Which is why it’s strange how “there’s no place like Holts” is the company’s new party line. Versus the rest of this year’s sublimely tacky slogans—including spring’s “you can’t live without” (to which the only true answer is “a coat in winter”) and this season’s straight lie “everyone’s a star!”—I like it. Then again, maybe that’s ’cause I wrote it. For a year and a half, off and on, I wrote copy for a design agency that handles Holt Renfrew’s printed matters. My first ad idea was so obvious I couldn’t believe it had never been used: “there’s no place like Holts” spelled out over a surrealish illustration in which products drifted on melting clouds and red-soled Louboutins stood in for Dorothy’s slippers. Yeah, didn’t fly. Now, according to the blue-shirted Derbyshire’s letter in Holts’ Fall ’11 catalogue, a customer fed him the winning line. “I loved her expression so much,” he writes, “that we’ve woven it into the very fabric of our organization.”

I don’t believe this any more than I believed I was the first person to utter the phrase, but that doesn’t make it untrue. No, it’s untrue because no matter what Box tells me about the “unique and extraordinary in-store experience,” Holt Renfrew is making money like the opposite of unique and extraordinary: a big-box chain store. Products—a Marc Jacobs tote bag for a charity, a new perfume, a loafer-pump—are the stars, not great designers or even trends (despite Atkin’s own highly respected sense for both). Their once-mighty bi-annual magazine, with fashion modelled in far-flung locations, is now a six-times-a-year catalogue, shot in-studio. It used to reach 50,000 of the quote-unquote right people; now it’s sent to 500,000 people, like a Sears catalogue. In terms not of what they’re selling, but how they’re selling it, there are places like Holts in plazas everywhere.

Where Holts Renfrew has gone down, the Hudson’s Bay Company has come up. The former is a nine-location fashion department store that’s gone mass; the latter, a 62-location mass department store attempting to go fashion. Suzanne Timmins has been with The Bay since 2002, while most of the top buyers and fashion marketing people were hired post-Brooks. She’s friends with Atkin, but says they don’t talk work. With me she uses fewer industry shibboleths, like “trending” and “relevant” and “in-store experiences,” than Holts honchos.
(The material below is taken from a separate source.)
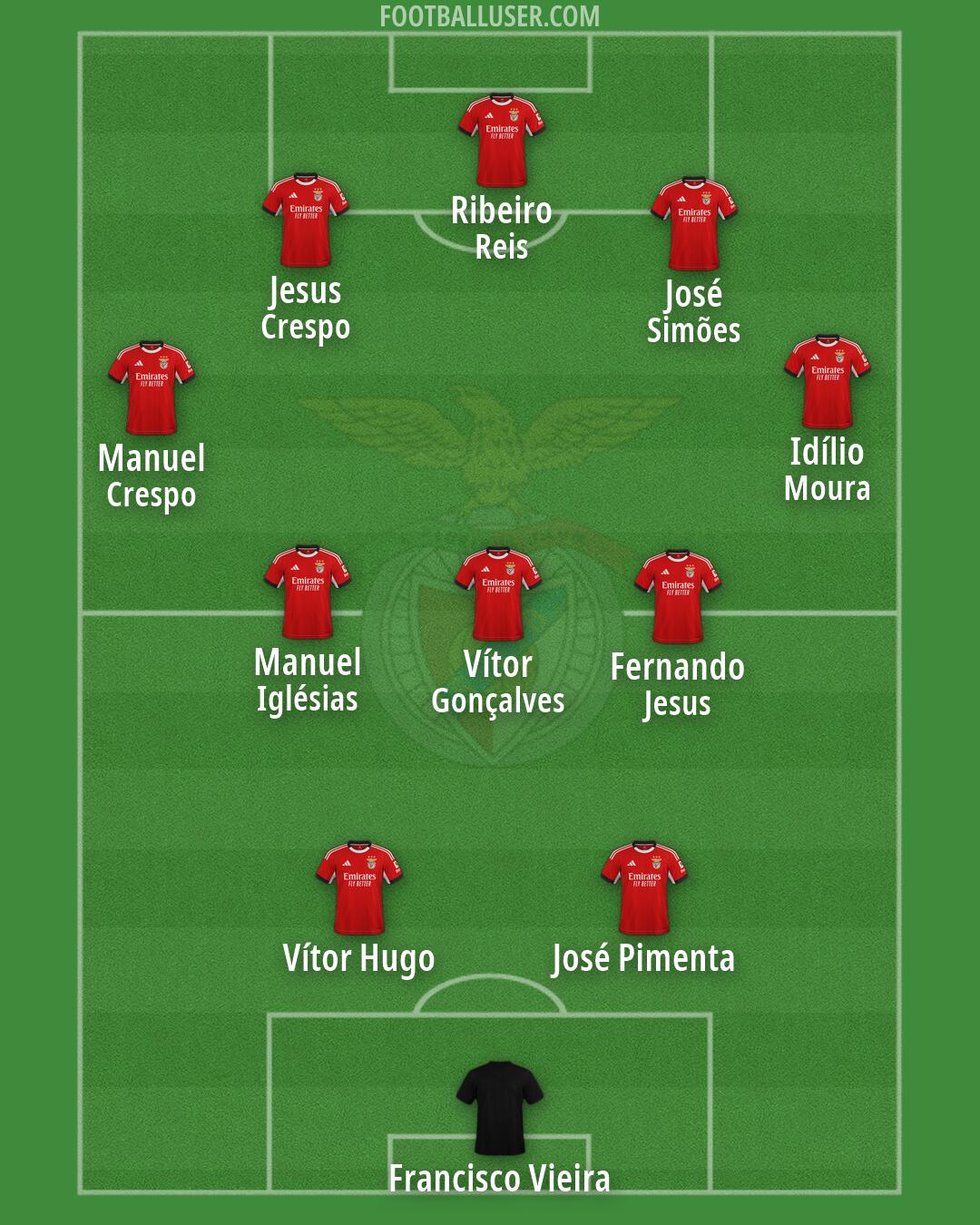 SL Benfica Formation 2026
Instead of referring to customers as “the customer,” the way fashion editors call pants “a pant,” she calls them “people.”

And Timmins seems transparent, almost realistic. (Discussing The Bay’s big-selling, less-fashion brands, she wonders out loud how Jessica Simpson’s line got so huge: “It can’t be all her—it’s like, huh?”)

“The first year at The Room was hard for us,” Timmins says. “Opening in October [2009], in a recession, oh my god.” She acknowledges the casual impression that all The Room’s beautiful, crazy-expensive, even avant-garde garments—Erdem, Giles, Proenza Schouler, Junya Watanabe, Mary Katrantzou—can’t be selling well enough to keep the 25,000-square foot space afloat. I ask, having heard rumours of profligate budgets to begin with, if The Room is in a honeymoon phase. “Look, it’s been almost three years,” she says. “If it was an experiment gone bad, we wouldn’t be opening another one in Vancouver.”

With endless flossy parties, a youth-baiting online magazine (to which—disclosure—I sometimes contribute), international press outreach, social media and the prowess of charming, shrewd buyer Nicholas Mellamphy, The Room in Toronto has made its mark aggressively. Too aggressively? “It’s overkill,” says Anita Clarke, the popular and opinionated fashion blogger. “I hate using that word, but I’ve skipped the last few parties, because it’s more of the same. They’re blanketing the scene.”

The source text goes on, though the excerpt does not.